La Liberté

Terre d’asile temporaire

Ils vivaient à Kherson, Odessa ou Slavoutytch et depuis que leur vie a basculé, ils ont trouvé refuge dans le canton. Témoignages

Natalia pose dans l’objectif d’Oksana, photographe professionnelle ukrainienne et mère de Rostislav. © Oksana Nedilnichenko
Natalia pose dans l’objectif d’Oksana, photographe professionnelle ukrainienne et mère de Rostislav. © Oksana Nedilnichenko

Noé Vonlanthen

Publié le 04.09.2022

Temps de lecture estimé : 3 minutes

Ukraine » Au cœur de la zone industrielle de Givisiez se dresse un grand immeuble noir. Devant ce dernier, des dizaines de colonnes de boîtes aux lettres portent toutes un nom à consonance slave. C’est un petit bout d’Ukraine en Suisse, un village artificiel dont les habitants ont en commun d’avoir choisi Fribourg comme terre d’asile.

C’est ici que vit depuis trois mois Rostislav Nedilnichenko, 12 ans. Il a fui la guerre avec sa mère et est arrivé à Fribourg le jour de son anniversaire: un signe selon lui. En Ukraine, il jouait du piano, de la flûte et du violon. Il a dû abandonner ses instruments en fuyant, mais un professeur du Conservatoire lui a offert un clavier pour qu’il puisse continuer à progresser. Il s’est inscrit au Conservatoire et, comme une quarantaine d’Ukrainiens, va commencer l’école secondaire à Fribourg. Il a un peu peur, mais ses premières expériences en ville ont été positives: «Quand je cherchais un magasin, les gens m’ont aidé et ils ont été très gentils avec moi.» Selon lui, les gens sont plus ouverts qu’en Ukraine: «Ici, on n’est pas jugé, qu’importe notre coupe de cheveux ou notre couleur de peau!» Quand on lui demande de décrire Fribourg, Rostislav, du haut de ses 12 ans, a des mots choisis: «Le calme et la liberté.»
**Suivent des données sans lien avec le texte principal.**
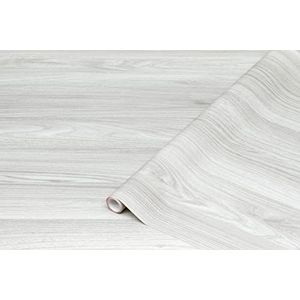 d-c-fix Sangallo Plakfolie, houtlook, lichtgrijs, zelfklevend, waterdicht, realistisch, voor meubels, tafel, kast, deur, meubelfront, 67,5 cm x 2 m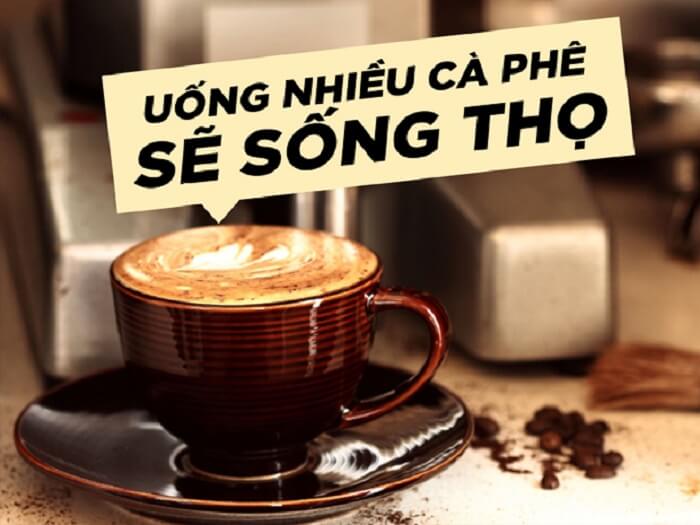 Uống cafe giúp tăng tuổi thọ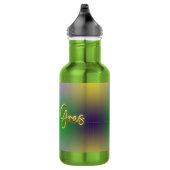 Mardi Gras Geel, Paars, Groen Waterfles (Rechts)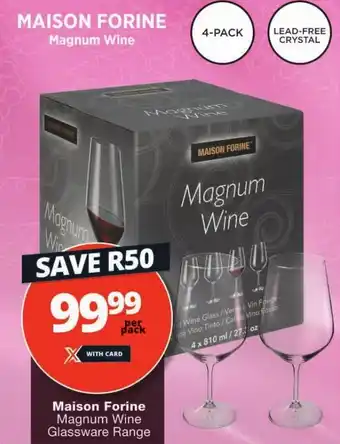 Maison Forine Magnum Wine Glassware Range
«Fribourg? Le calme et la liberté»
Rostislav Nedilnichenko

Le français comme passion

Natalia Klymiv, elle, a 27 ans. Elle vient de Kherson, ville encore occupée par les forces russes. Sa famille y est restée car ses grands-parents étaient trop âgés pour fuir. Quand elle en parle, son visage s’assombrit. Pour elle, ce qui l’a sauvée de la tristesse, c’est le français: «C’est ma passion, j’y consacre entre cinq et six heures par jour. Deux fois par semaine, il y a un cours à la maison (à Givisiez, ndlr) et le reste du temps, je suis des cours en ligne.» Pour s’améliorer, elle lit beaucoup et écoute des émissions.

Elle a commencé il y a moins de trois mois mais s’exprime déjà dans un français courant. Natalia a aussi assisté à des cours en plein air aux Grand-Places, à Fribourg. Elle trouve que la ville est très belle et elle s’y sent bien, mais Kherson lui manque, et elle espère y rentrer bientôt.

Cette idée que l’exil sera court est très ancrée dans l’esprit des Ukrainiens. Selon Carole Angéloz, membre de la cellule école et formation de l’état-major Ulysse pour l’école obligatoire, c’est l’une des difficultés principales dans le processus d’intégration des jeunes. Certains parents privilégieraient en effet une scolarisation à domicile en vue d’un retour prochain, alors que rejoindre une classe est souvent grandement bénéfique pour les jeunes.

«Au fond, il ne manque que la mer»
Une Ukrainienne

Parmi ceux présents ce jour-là, tous ont un avis bien tranché sur Fribourg: «En tout cas c’est mieux que Genève, c’est plus calme», s’exclame une jeune fille d’Odessa. «J’aime me balader au bord de la Sarine», ajoute une de ses amies. «Au fond, il ne manque que la mer», conclut-elle avec un sourire.